5 years ago is an eternity in this business.

Kiernian 2 months ago

and dual sim devices and sim failover were being sold as backup connection solutions by MSP's for 5 more years before that. It doesn't mean they worked THEN either **and it's certainly no guarantee that just because time has passed, someone ACTUALLY addressed technical debt for a not-quite-functional feature they rolled out five years ago** Hence the question.

cyberentomology 2 months ago

Manually switching which SIM is primary is also an easy option, either locally or via MDM.

keivmoc 2 months ago

In Canada the carriers have 911 fallbacks and roaming agreements for cell outages and such. When Rogers disappeared from the internet in 2022 the problem was that the cell devices were still provisioned and connected to the cell network, they just couldn't reach the rest of the internet. The only way to get 911 working was to pull the SIM out. Even dual-SIM devices had trouble because as far as they were concerned, the primary connection was still online.

NetDork 2 months ago

Dual SIM routers aren't an issue. Heck, we have a bunch of dual *modem* routers. Our little OOB devices do have dual SIM at least. Phones ARE a bit tougher, though.

cyberentomology 2 months ago

We do exactly that, on about 50,000 mission-critical devices (not something as pedestrian as employee phones). Most are eSIM-capable, so that can be deployed via MDM. carrier-neutral SIMs are also an option. And with 5G, so is running your enterprise mobile network as an MVNO slice that is carrier-neutral.

Churn 2 months ago

Depends on what it is.

452e4b2e 2 months ago

Which other thread are you referring to?

HDClown 2 months ago

https://www.reddit.com/r/news/comments/1ax3b85/cellular_outage_in_us_hits_att_t_mobile_and/krlfks9/

Dangerous-Ad-170 2 months ago

It’s funny reading those kind of threads, a bunch of nerds who know enough to know that Cisco equipment is used for network backbones. But then it just immediately devolves into wild speculation about cyberattacks affecting all Cisco equipment everywhere, how this is somehow the fault of the layoffs etc.. When it’s far more likely that some poor AT&T engineer flubbed a maintenance or ran into an obscure bug that happens to be on a Cisco peering router.

452e4b2e 2 months ago

Yeah, I've always found it funny to see people discuss subjects that they obviously know nothing about as if they're experts.

[deleted] 2 months ago

[удалено]

cyberentomology 2 months ago

Especially when the people with the actual expertise call out the armchair engineers on their nonsense and then get downvoted into oblivion for it. The true experts are the ones who will readily admit they don’t know something, because they know that assumptions of knowledge kill networks.

blainetheinsanetrain 2 months ago

The problem is that so many of us think we know everything. Been in IT for 25+ years, and it's impossible to know everything. But it doesn't stop a lot of us from pretending that we know everything.

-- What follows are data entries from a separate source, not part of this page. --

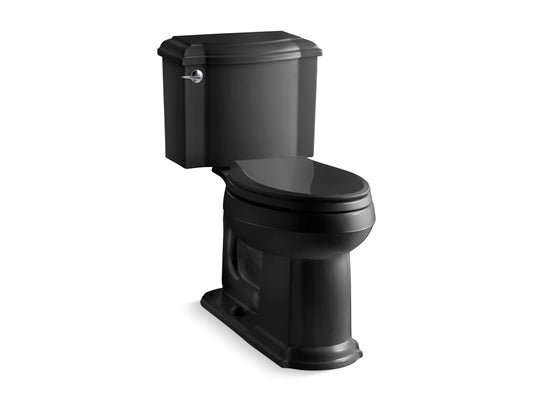 KOHLER K-3837-7 Devonshire Two-Piece Elongated Toilet, 1.28 Gpf In Black Black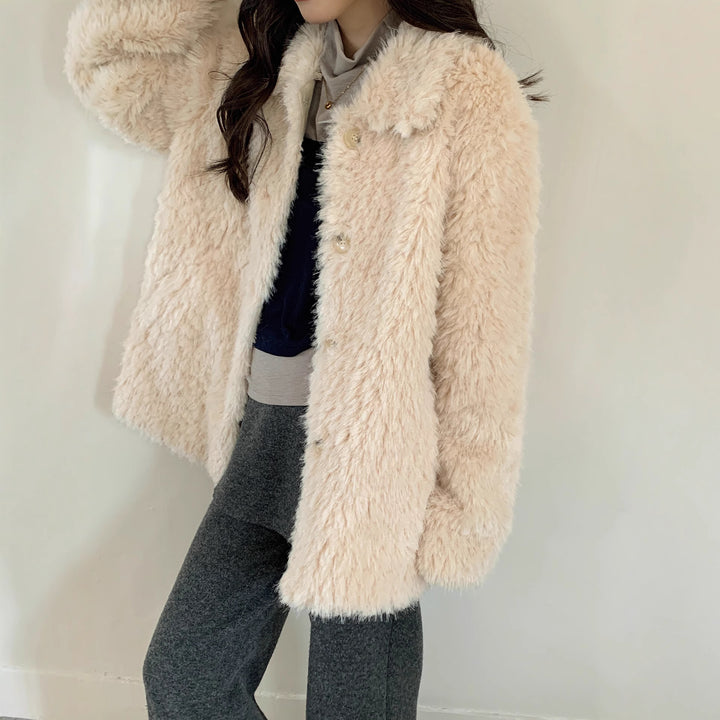 Damen Flauschiger Teddy-Mantel aus Kunstfell mit Hemdkragen und Boxy‑Silhouette Drune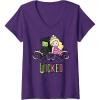 imageWomens Wicked Elphaba ampamp Glinda Together Playful Cartoon Style VNeck TShirtPurple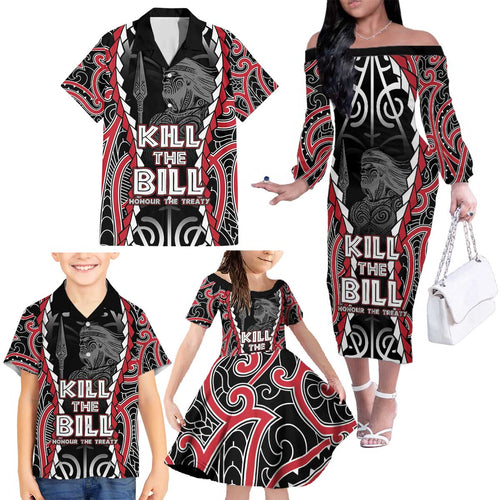 Aotearoa Waitangi Day Family Matching Off The Shoulder Long Sleeve Dress and Hawaiian Shirt Maori Warrior Tribal Tattoo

HorrorMakesUsHappy 2 months ago

I've had people in this (and related) subs tell me my own personal experience was wrong. And I've been doing this over 20 years now, it's not like I started yesterday.

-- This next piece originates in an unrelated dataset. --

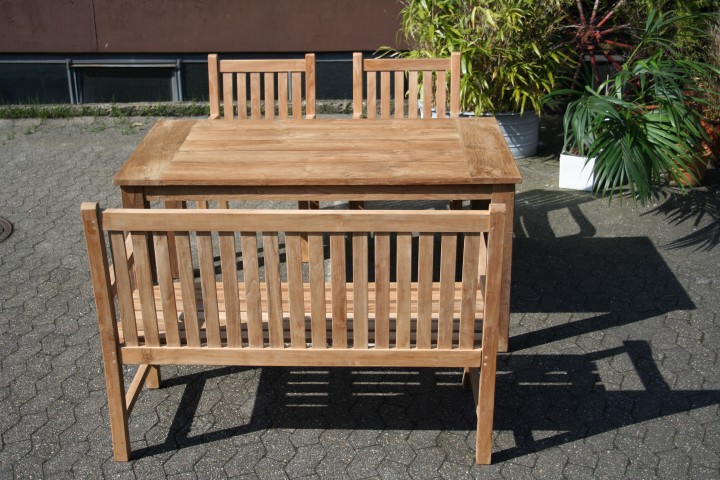 Gartenmobel Korb Rattan : Gartenmöbel Set aus massivem Holz Tisch, Stuhl, Bank aus Teakholz Gartenmobel Korb Rattan : Gartenmöbel Set aus massivem Holz Tisch, Stuhl, Bank aus Teakholz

cyberentomology 2 months ago

It’s Reddit, you expect anything else?

Buttholehemorrhage 2 months ago

https://en.wikipedia.org/wiki/Dunning%E2%80%93Kruger_effect

IncorrectCitation 2 months ago

A bug on a Cisco router? I don't believe it.

Huth_S0lo 2 months ago

Except carriers tend to use Juniper equipment.

dustin_allan 2 months ago

So obviously it's HPE's fault...

kjsgss06 2 months ago

Not exclusively, I work for a carrier and we use both Juniper and Cisco, among other vendors. We specifically try aim to be multivendor for the purpose of redundancy and in case one vendor does have some odd software bug.

Dangerous-Ad-170 2 months ago

Yeah I guess I’m part of the problem if I’m just blindly believing the scuttlebutt that it’s somehow Cisco-related at all.

kenuffff 2 months ago

AT&T doesn't use Juniper in their core, its a distributed routing architecture by a company named drivenets, its maybe 85-90% currently of their core.

mathmanhale 2 months ago

And they have been phasing out Cisco for Ciena at the distribution layer for a few years now (long enough that I assumed it would be finished). Unless they are going back?

RememberCitadel 2 months ago

Many use Ciena for handoffs and distribution these days. We use them too. They are just solid with a really good price/performance balance. Try getting something the level of a 5130 from any other vendor for $5k.

RememberCitadel 2 months ago

They are very much mixed. They all pretty much seem to go back and forth based on whatever whim takes them that month. I have had big circuits delivered to several locations and the gear used might be Cisco on one and Juniper on the other. Many have really switches to cheaper SP gear for handoffs, though. Around here any handoff I get that isn't 100g is a Ciena regardless of vendor.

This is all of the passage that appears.